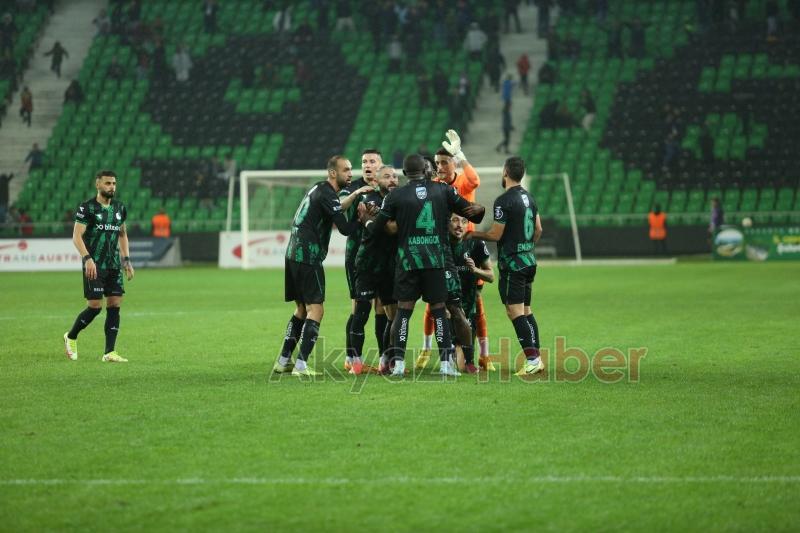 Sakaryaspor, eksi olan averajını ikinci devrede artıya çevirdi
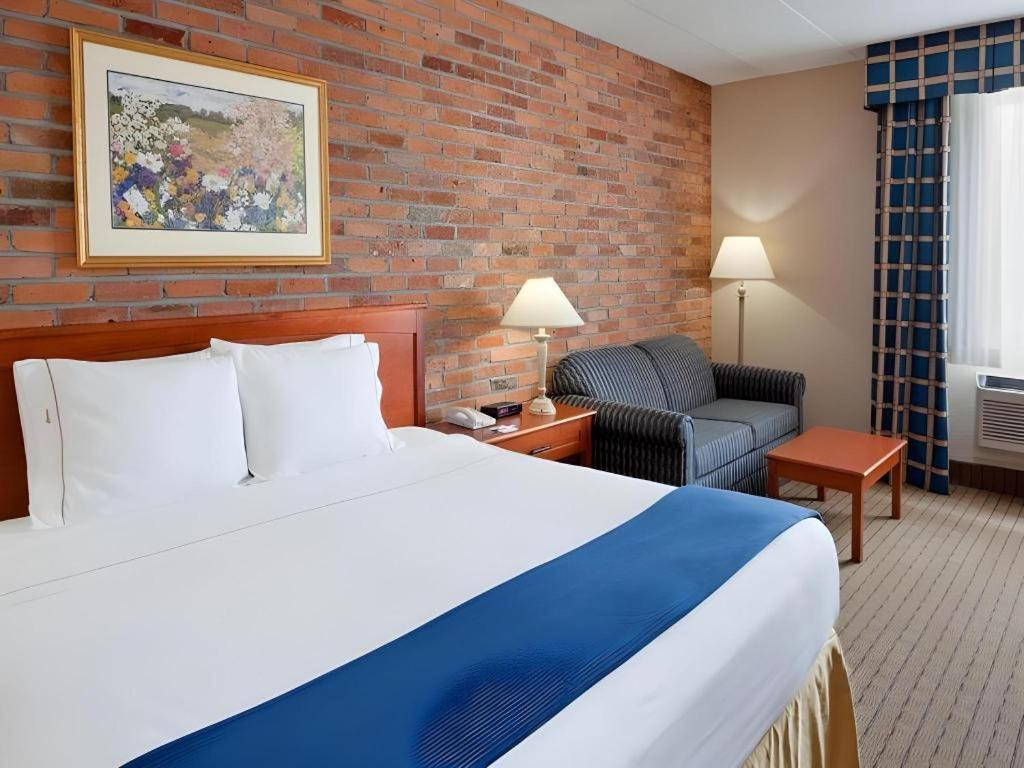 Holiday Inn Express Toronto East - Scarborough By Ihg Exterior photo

---

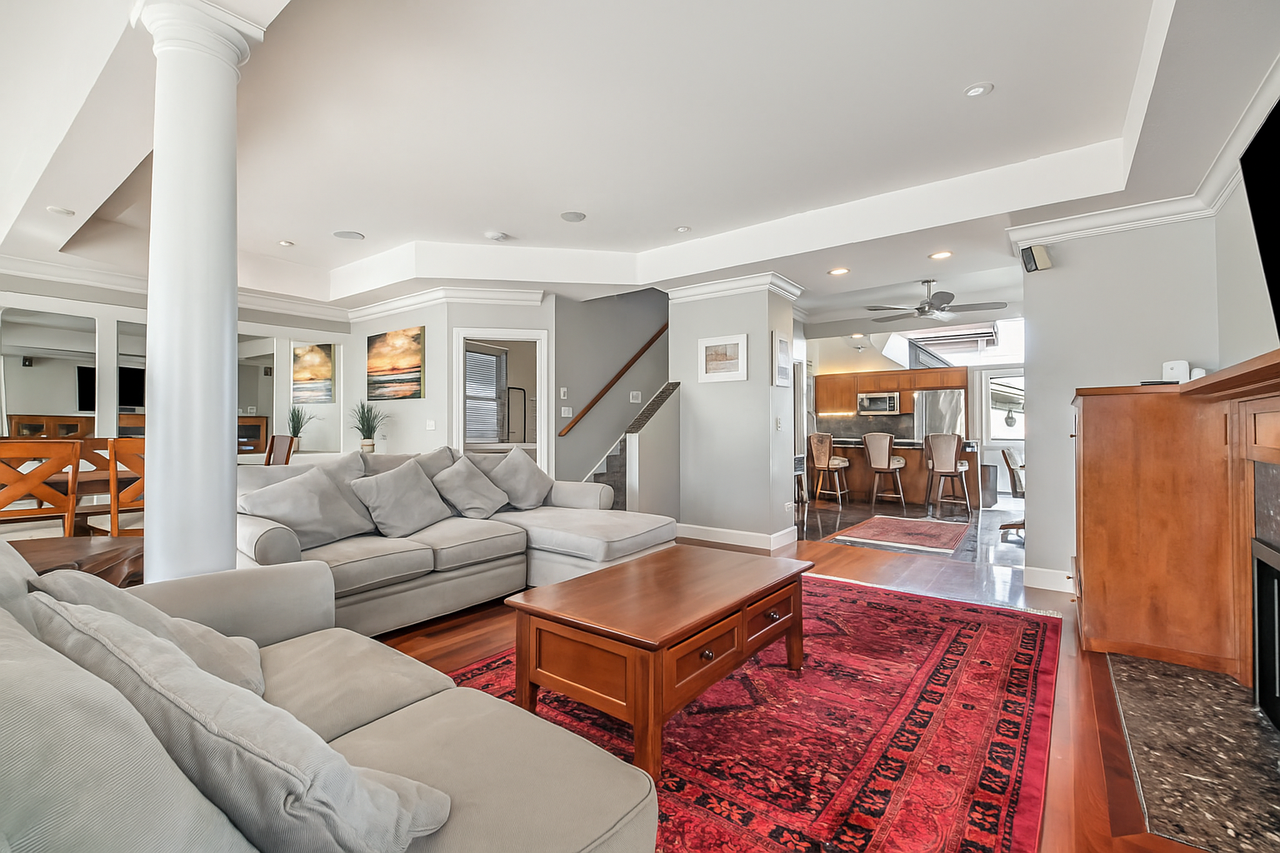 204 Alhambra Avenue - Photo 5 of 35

## [Task statement]
Skip every picture, and restate word for word only the lines above from the line containing "Sakaryaspor, eksi olan" to the line containing "Holiday Inn Express", both of them included.

## [Solution to this exercise]
 Sakaryaspor, eksi olan averajını ikinci devrede artıya çevirdi
 Holiday Inn Express Toronto East - Scarborough By Ihg Exterior photo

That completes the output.